## Directions
Once you find the line below that has "Buddhism Beyond Gender - Preview", output it and every line after it exactly, stopping after the line that has "2014StanfordUSC-035", with no pictures.

## Stored data
==========
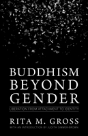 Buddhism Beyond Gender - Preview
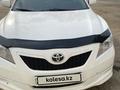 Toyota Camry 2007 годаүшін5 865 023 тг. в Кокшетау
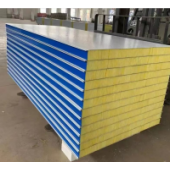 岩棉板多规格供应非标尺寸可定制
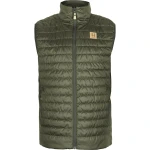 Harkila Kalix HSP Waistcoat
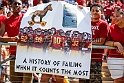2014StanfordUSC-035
==========
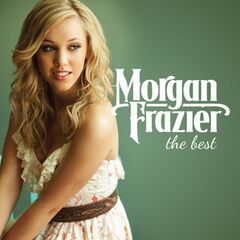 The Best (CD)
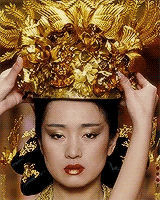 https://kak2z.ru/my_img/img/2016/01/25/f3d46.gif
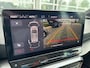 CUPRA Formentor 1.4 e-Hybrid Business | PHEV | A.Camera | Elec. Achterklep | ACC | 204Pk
==========
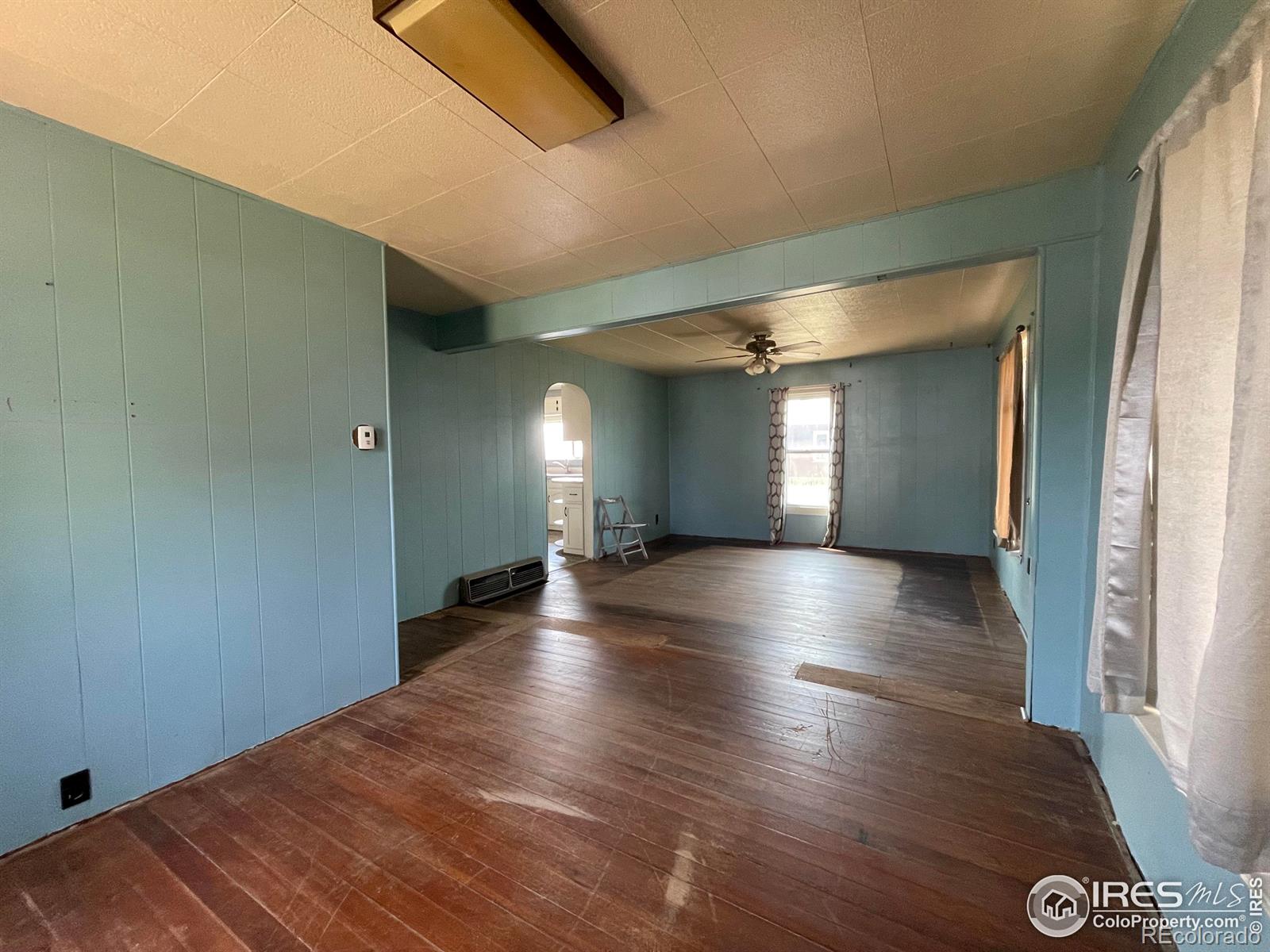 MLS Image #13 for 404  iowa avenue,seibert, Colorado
==========
## Finished task
 Buddhism Beyond Gender - Preview
 Toyota Camry 2007 годаүшін5 865 023 тг. в Кокшетау
 岩棉板多规格供应非标尺寸可定制
 Harkila Kalix HSP Waistcoat
2014StanfordUSC-035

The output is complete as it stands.